When super-swimmer Caeleb Dressel hits the pool in Tokyo next month, he’ll be sporting the updated version of Speedo’s Fastskin technical racing suit that was introduced in 2019.
The swimwear giant last week unveiled the 2021 iterations of the U.S. Federation Suit with their updated fabrics and colorways. These are the suits that will be worn by Dressel — the two-time Olympic gold medalist who will be competing in the 50- and 100-meter freestyle and 100 butterfly — as well as other Speedo-sponsored athletes Hali Flickinger, Jamal Hill, Becca Meyers, Ryan Murphy, Andrew Seliskar and Abbey Weitzeil at the Olympic and Paralympic Games this summer.
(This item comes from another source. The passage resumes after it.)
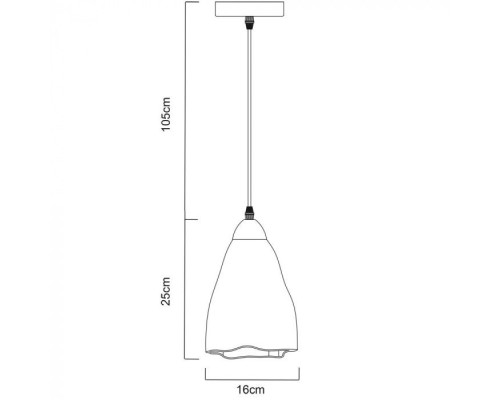 Подвесной светильник Canzone A3469SP-1CC Arte Lamp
For these games, athletes will be able to choose between the Fastskin LZR Pure Intent and Fastskin LZR Pure Valor, depending on the specific demands of their race. The Intent, which features flexible zoned compression, gives the swimmer a wider range of motion, while the Valor is Speedo’s most lightweight suit and features moderate compression along with bonded seams for comfort and speed. Three new fabrics have been employed for these suits that are designed to offer more flexibility, compression and drag reduction in areas that need it.
“We are proud to support athletes on the world stage with the most technologically advanced racing suits, with over 20 years of innovation guiding our current Intent and Valor offerings,” said Speedo North America president Jim Gerson. “We are honored to be on this journey with these special athletes as they represent the USA and compete against the world’s best. We hope to see more records broken and medals won in Speedo suits this summer.”
Gerson characterized Speedo’s place in the sport as “the support mechanism” that allows athletes to compete at their best. And he revealed that since the Fastskin was introduced two years ago, 62 percent of all the world records in the sport were set while swimmers were wearing one of the suits.
While the 2021 version of the Fastskin is not dramatically different than that used in the last Games, Gerson said research continues to further enhance the technology. He showed a video of the brand’s vision of Fastskin 2040 that could feature adaptive lock seals, a built-in exoskeleton and even a chip that would provide live feedback to coaches and athletes on their performance.
Fastskin was created by working with research institutes from around the world and by studying sharks and how they reduce drag when they swim. For the latest version, Speedo also worked with the Natural History Museum in London and Formula 1.
Last year, PVH Corp. sold the Speedo North America business to Pentland Group, the U.K.-based parent of Speedo International, for $170 million in cash.